I didn't know there were precompiled versions of fpc for the raspberry
pi. I had to compile my own when I setup my pi2 nearly 2 years ago. It
wasn't difficult, but it did take quite a bit of time, even with the 4
cpus going for the compile. :)
However, it is relatively easy, if a bit long of a process to compile
your own fpc for the pi.
I didn't know about the orange pi. I shall go take a look. I haven't
gotten my pi3 working yet, something is wrong with my image I think, or
perhaps I'm not using a powerful enough power cable, though I thought
the pi2 cable would work on the pi3, <sigh>. I knew about the banana
pi, and I've heard of others though I've not checked them out in detail,
once I saw price wasn't comparable to the raspberry pi, but orange is a
new one on me.
On 2/28/2017 2:28 AM, Bo Berglund wrote:
On Mon, 27 Feb 2017 22:25:26 -0300, Andreas
<andreasberger....@gmail.com> wrote:
The company I work for will be realizing an embedded project using
Orange PI. I can use any tool I want, but the project will be on a
Orange PI (A very small chance of Raspberry PI). Does any one have FPC
running on Orange PI? If so would you be willing to help me get set up?
I am totally unpracticed in Linux, but am sure I can get into it.
I have not used the Orange Pi, but reading the site www.orangepi.org
it seems to be a clone of the Raspberry Pi and it also seems like
there are 9 different models of it.
So in order to come further:
Which exact model are you thinking of using?
I have used FPC/Lazarus on a range of Raspberry Pi models now on RPi3B
and it has worked just fine. One has to install carefully from the
command line to get the proper versions, but I have written a script
to do just that. It works on the Raspbian operating system (a Debian
version) and basically does all you need to get the stuff on board.
However, it uses a starting fpc compiler built for the RPi3B, which is
downloaded from my site (since I could not find a suitable compiler
only download).

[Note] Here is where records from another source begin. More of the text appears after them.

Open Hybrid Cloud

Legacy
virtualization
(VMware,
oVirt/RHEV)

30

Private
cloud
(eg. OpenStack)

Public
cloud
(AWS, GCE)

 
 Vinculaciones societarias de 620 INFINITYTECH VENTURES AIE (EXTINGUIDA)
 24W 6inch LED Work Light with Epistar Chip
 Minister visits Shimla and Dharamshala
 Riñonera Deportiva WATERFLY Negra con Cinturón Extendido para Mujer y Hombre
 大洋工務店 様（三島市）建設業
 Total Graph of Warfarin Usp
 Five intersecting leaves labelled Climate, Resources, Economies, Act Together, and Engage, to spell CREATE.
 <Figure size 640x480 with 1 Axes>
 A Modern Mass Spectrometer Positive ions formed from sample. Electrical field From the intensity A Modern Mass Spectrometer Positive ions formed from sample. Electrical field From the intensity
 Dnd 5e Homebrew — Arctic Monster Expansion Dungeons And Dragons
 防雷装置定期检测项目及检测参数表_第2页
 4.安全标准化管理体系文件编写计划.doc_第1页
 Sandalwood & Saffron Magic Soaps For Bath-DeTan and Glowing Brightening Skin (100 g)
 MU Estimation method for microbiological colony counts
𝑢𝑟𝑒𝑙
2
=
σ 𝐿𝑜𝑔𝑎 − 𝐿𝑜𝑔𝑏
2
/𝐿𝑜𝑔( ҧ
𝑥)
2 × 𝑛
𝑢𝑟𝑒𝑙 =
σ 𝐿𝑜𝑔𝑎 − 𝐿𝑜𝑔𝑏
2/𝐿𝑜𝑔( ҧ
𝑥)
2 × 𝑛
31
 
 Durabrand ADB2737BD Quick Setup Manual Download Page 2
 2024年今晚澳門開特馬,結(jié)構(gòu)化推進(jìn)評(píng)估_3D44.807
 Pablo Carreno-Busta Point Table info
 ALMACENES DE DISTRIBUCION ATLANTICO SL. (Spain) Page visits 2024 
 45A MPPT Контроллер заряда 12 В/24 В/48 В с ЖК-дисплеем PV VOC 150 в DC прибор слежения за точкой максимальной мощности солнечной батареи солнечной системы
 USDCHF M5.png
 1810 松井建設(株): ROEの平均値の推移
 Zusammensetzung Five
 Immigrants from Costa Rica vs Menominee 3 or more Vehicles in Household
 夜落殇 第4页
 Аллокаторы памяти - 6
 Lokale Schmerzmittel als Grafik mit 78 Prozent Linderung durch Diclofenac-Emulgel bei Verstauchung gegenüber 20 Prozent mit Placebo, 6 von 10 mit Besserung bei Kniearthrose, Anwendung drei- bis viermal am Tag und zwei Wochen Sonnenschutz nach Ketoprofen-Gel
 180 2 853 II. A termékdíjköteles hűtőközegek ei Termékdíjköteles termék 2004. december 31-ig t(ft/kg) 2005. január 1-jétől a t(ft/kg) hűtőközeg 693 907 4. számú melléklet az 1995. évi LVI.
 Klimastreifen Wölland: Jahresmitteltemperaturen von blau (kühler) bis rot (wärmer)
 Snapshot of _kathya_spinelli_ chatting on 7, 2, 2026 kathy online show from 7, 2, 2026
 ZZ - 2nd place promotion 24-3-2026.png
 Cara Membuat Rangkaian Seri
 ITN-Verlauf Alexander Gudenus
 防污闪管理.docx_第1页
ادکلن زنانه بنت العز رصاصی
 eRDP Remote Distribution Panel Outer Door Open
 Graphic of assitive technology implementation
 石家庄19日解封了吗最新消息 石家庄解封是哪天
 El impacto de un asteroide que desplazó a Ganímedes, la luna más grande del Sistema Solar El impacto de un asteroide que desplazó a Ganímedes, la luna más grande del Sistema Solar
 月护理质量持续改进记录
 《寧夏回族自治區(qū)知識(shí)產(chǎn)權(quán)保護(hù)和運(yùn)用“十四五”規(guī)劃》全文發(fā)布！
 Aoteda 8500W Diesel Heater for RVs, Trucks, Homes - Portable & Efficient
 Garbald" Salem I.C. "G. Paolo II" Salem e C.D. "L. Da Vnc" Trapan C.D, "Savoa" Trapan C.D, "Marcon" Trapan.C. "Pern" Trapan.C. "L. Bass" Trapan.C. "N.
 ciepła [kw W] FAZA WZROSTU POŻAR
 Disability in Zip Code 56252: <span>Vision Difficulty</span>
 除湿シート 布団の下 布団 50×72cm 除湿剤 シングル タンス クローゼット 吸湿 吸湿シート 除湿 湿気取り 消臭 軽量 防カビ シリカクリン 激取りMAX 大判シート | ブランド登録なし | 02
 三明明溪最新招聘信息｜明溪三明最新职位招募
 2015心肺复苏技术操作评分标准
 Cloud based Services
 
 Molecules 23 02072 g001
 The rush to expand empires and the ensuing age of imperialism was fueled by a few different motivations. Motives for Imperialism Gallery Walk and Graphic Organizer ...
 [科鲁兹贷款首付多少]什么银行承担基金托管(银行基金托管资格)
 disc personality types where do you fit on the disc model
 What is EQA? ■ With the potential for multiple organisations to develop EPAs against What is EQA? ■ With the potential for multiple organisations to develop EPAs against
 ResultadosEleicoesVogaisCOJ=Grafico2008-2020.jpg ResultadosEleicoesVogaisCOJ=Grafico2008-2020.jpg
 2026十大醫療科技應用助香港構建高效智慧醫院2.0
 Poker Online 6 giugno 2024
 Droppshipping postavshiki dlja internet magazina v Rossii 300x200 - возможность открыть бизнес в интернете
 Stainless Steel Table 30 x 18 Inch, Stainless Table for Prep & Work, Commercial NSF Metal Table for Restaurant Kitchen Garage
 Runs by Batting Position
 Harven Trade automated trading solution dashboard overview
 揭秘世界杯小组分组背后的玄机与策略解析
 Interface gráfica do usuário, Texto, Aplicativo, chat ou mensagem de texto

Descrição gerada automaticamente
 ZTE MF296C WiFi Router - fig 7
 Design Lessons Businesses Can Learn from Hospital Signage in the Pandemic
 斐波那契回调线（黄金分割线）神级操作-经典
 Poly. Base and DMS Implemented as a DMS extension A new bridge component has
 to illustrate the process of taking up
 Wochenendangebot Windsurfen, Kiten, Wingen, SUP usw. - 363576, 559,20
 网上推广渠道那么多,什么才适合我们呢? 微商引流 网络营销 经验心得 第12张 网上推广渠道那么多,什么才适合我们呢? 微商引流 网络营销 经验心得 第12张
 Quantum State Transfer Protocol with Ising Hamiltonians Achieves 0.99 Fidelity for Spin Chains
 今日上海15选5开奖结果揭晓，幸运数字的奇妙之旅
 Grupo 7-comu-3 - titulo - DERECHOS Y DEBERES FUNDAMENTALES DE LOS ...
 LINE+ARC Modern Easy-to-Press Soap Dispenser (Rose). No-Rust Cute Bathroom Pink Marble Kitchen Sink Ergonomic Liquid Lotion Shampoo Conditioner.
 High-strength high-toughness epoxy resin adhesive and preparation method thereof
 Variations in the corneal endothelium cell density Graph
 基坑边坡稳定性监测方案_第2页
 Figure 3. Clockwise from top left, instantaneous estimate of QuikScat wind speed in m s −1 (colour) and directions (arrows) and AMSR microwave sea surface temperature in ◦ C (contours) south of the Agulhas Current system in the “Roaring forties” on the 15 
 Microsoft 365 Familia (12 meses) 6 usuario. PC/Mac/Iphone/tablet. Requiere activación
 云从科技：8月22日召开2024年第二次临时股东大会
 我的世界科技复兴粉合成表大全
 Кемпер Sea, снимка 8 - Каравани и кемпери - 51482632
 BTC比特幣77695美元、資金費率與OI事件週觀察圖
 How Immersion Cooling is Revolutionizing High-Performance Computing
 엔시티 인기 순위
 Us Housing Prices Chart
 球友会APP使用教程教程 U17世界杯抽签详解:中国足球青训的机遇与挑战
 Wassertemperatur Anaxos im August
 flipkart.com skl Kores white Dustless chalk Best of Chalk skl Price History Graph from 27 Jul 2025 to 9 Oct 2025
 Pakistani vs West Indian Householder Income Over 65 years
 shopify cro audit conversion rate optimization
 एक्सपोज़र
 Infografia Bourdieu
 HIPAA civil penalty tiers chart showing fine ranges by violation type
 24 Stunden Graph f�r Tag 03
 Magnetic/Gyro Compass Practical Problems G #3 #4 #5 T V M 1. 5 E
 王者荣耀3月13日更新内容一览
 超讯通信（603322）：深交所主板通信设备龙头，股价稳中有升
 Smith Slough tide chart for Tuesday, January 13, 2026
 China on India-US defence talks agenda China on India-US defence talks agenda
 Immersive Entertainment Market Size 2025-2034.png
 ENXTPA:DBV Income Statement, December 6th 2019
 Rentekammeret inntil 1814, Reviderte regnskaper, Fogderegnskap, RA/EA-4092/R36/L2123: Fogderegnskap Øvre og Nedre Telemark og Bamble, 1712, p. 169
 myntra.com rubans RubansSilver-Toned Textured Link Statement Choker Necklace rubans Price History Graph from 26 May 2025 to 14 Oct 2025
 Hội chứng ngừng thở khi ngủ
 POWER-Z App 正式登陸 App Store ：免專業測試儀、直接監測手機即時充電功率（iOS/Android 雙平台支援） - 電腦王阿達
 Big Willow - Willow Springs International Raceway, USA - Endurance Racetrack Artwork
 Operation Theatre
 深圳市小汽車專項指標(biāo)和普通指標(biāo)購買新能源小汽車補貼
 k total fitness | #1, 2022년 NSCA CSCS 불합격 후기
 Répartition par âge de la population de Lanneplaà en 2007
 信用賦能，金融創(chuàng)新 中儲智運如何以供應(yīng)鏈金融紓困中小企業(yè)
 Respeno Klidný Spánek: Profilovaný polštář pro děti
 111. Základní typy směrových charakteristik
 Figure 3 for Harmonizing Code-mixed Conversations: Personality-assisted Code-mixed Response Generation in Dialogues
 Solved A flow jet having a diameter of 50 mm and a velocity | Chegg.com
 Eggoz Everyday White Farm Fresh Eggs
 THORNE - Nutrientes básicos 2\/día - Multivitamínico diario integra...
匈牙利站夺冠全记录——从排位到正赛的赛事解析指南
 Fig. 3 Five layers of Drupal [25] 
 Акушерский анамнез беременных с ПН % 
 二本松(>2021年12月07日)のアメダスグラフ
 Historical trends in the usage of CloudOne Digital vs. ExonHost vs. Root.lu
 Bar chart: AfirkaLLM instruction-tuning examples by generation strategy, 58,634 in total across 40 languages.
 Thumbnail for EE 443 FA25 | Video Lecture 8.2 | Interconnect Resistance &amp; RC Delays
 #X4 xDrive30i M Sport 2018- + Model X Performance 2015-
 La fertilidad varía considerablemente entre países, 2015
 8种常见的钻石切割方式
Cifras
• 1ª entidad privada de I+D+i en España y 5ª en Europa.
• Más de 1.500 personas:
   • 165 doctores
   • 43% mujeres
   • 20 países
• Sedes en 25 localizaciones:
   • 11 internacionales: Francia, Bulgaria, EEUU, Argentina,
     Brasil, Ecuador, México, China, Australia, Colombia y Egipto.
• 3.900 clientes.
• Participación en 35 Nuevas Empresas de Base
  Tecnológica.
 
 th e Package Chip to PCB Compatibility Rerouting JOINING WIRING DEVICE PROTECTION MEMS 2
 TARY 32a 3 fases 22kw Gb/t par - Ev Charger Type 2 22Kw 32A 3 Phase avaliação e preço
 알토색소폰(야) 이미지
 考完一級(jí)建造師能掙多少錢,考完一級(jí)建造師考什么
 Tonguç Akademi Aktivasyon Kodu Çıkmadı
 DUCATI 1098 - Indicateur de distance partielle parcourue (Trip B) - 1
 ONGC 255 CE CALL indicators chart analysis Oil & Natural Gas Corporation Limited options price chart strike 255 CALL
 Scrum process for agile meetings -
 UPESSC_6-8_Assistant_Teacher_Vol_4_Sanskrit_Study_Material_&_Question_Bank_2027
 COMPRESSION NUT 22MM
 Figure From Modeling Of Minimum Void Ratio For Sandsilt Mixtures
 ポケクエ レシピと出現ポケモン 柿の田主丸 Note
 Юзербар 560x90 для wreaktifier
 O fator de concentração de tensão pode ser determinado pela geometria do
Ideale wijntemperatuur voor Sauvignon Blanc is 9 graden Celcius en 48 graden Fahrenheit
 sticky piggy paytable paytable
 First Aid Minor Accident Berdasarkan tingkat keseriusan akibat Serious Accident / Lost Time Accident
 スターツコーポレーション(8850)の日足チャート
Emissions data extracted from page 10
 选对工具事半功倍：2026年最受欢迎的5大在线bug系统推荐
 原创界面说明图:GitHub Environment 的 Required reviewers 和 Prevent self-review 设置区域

This may or may not work on an Orange Pi device...
Warning:
On their site's download page are listed a number of instances of
Raspbian, but these are not the current Raspbian versions.
The ones I found are from 2015-06-06, 2016-11-08, 2016-11-12 and
2016-11-16.
So it seems likely they are tweaked versions of the "real" Raspbian,
which might cause concerns down the line.
Why not go with the original Raspberry Pi instead?